United States Army Colonel Emma Coulson recently released a research paper written while serving as 2010-2011 Senior Military Fellow at the Joint Center. Her work, entitled The Impact of Gender-Based Violence on Stability and Security, examines how protecting and empowering women in unstable countries can lead to greater human development and, in turn, more peaceful nations.
An excerpt from Colonel Coulson’s paper can be found below. The full document can be found at the Joint Center website.

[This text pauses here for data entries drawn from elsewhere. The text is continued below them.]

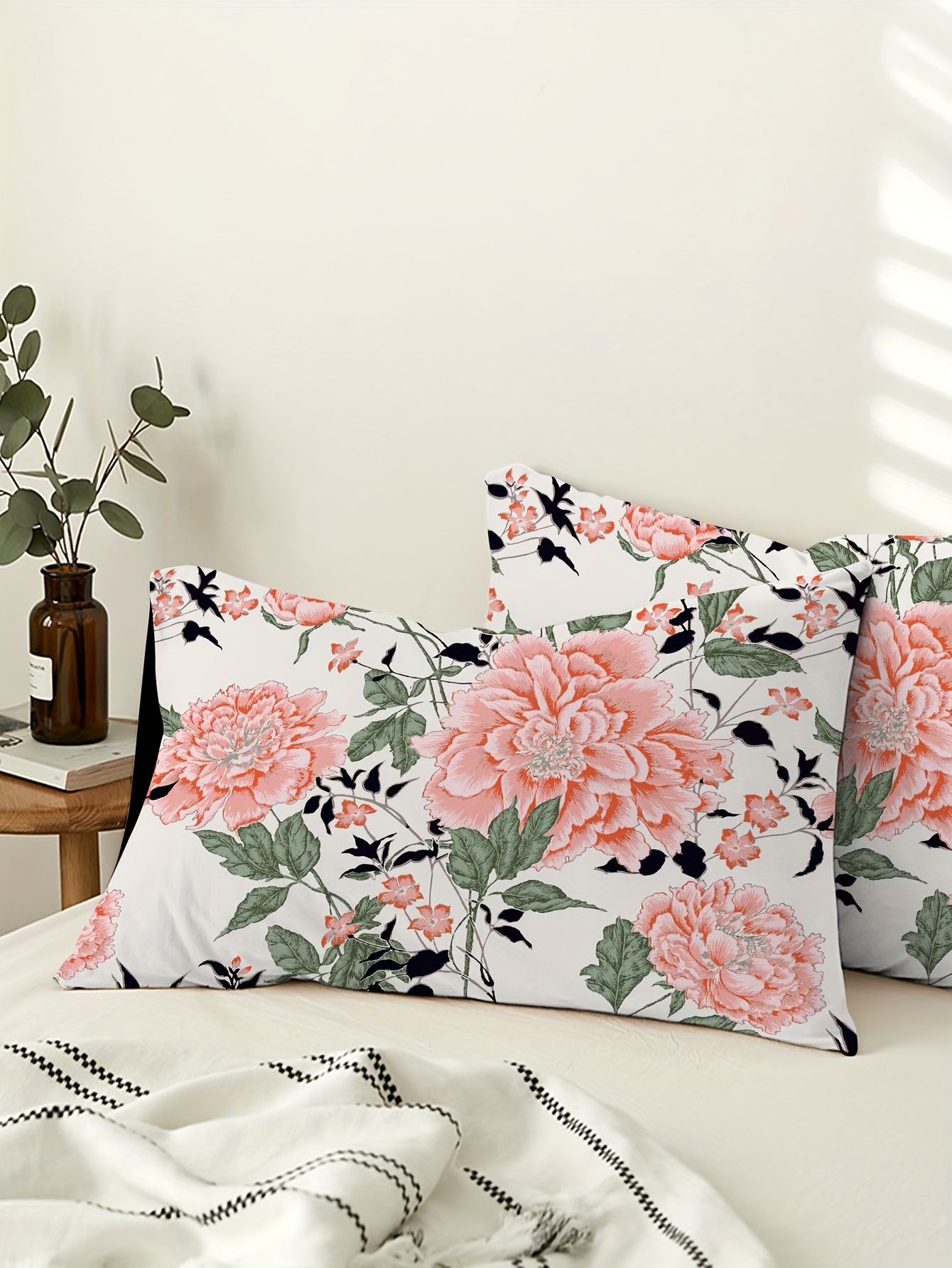 2pcs   brushed printed pillowcase soft and breathable suitable for bedroom sofa home decoration no pillow core details 1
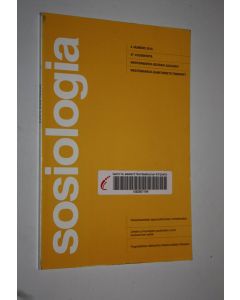 käytetty kirja Sosiologia 4/2010 : Westermarck-seuran julkaisu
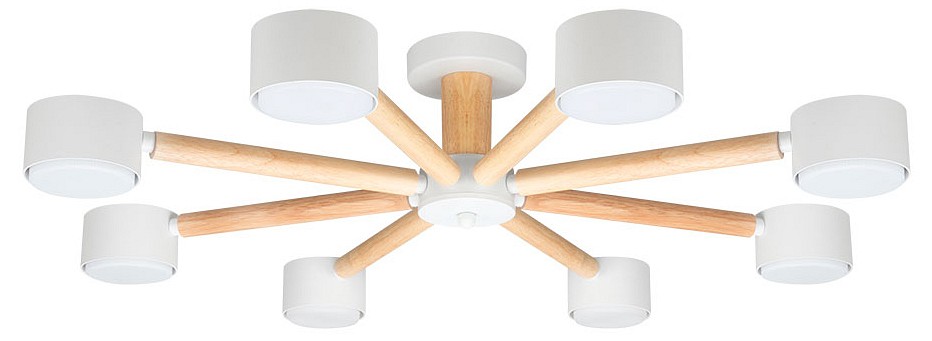 Потолочная люстра Arte Lamp TENDA 8 ламп A1624PL-8WH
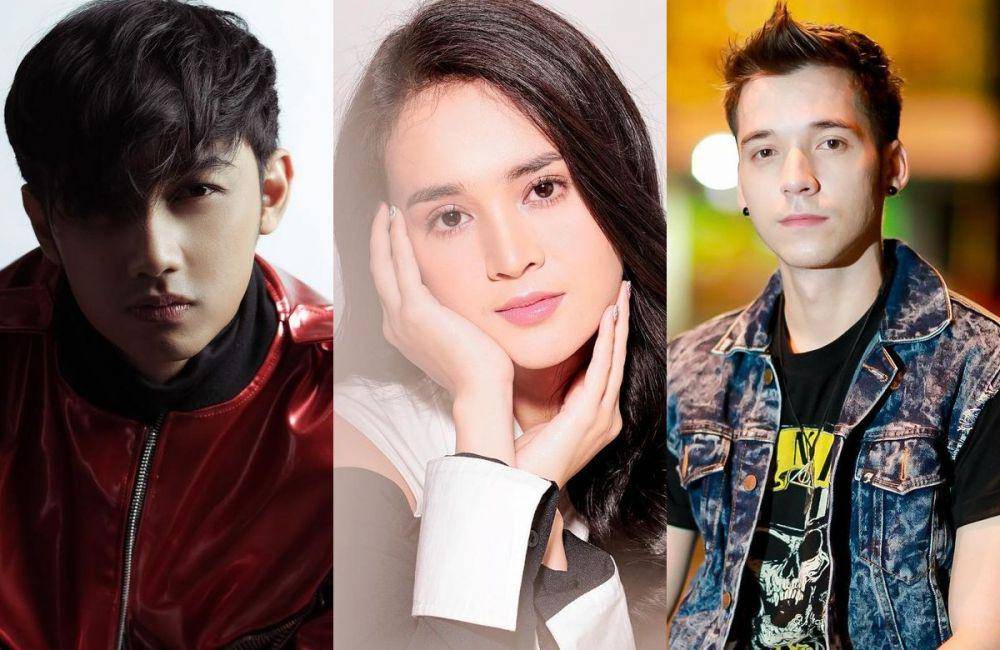 Michelle Ziudith dan aktor yang pernah berperan menjadi pasangannya. (instagram.com/hitocaesar | instagram.com/michelleziu | instagram.com/stefannwilliam)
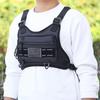 Breathable Sports Chest Bag Water Resistant Reflective Front Running Vest Bag for Men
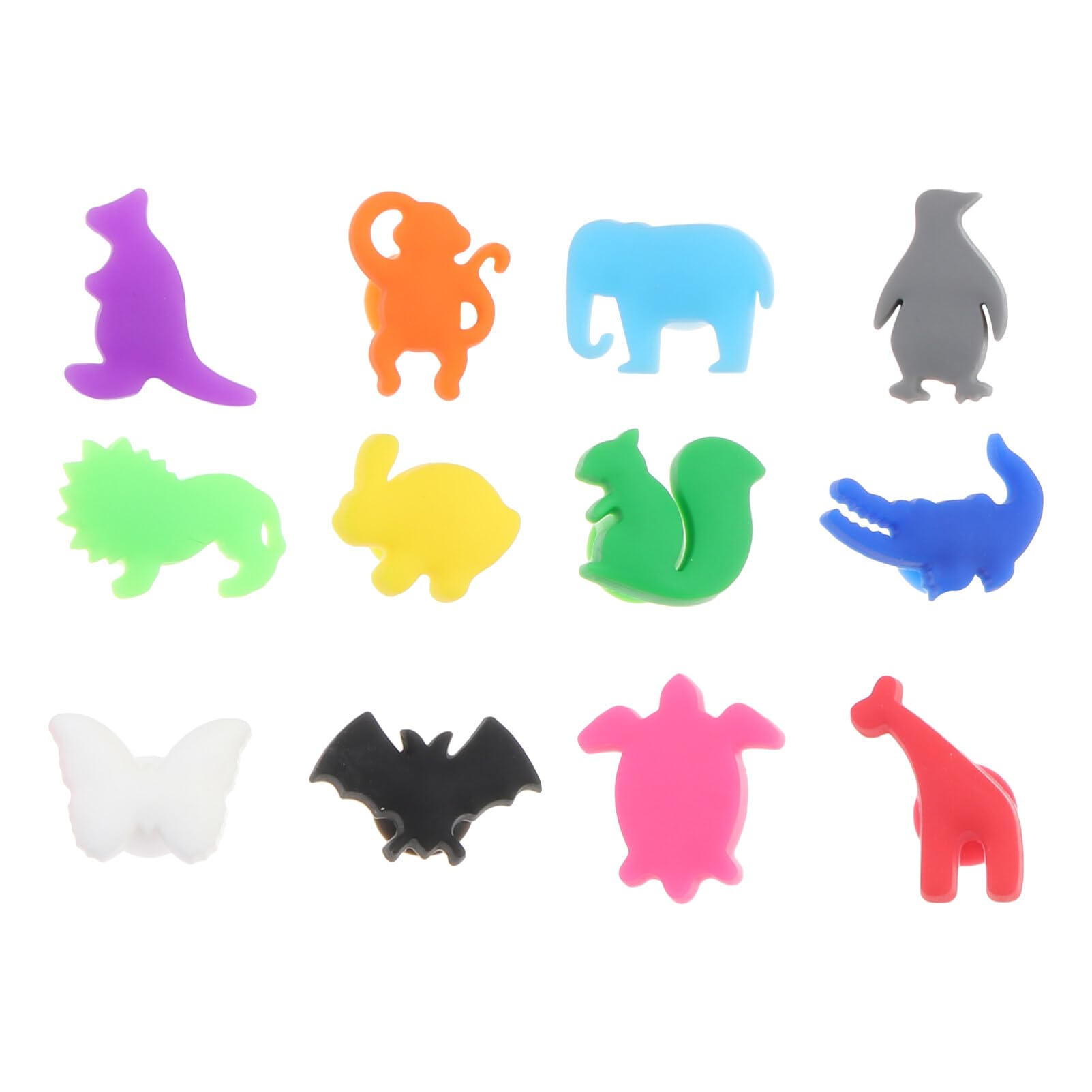 SHERCHPRY Silicone Wine Glass Markers Animal Charms Non-slip Drink Markers for Occasions Random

The strategic environment of our world is ever changing. Our globally interconnected world has brought with it globally interconnected problems. One of these problems is gender based violence (GBV). The links between GBV and a nation’s security and stability are undeniable. High rates of such violence drain the state of both earnings and resources, and threatens stability and governance at all levels. It discourages investment, destroys social cohesion and limits employment and educational opportunities. GBV is an important barometer of state fragility as it points to the states inability to provide basic security, services or capacity to impose social controls on GBV behavior. This is particularly harmful to development efforts in low income and war torn countries. We can ill afford to continue ignoring GBV in its various forms throughout the world. It is a public health issue and human rights issue affecting poverty, development and economic growth which are all critical to stable nations and a stable world.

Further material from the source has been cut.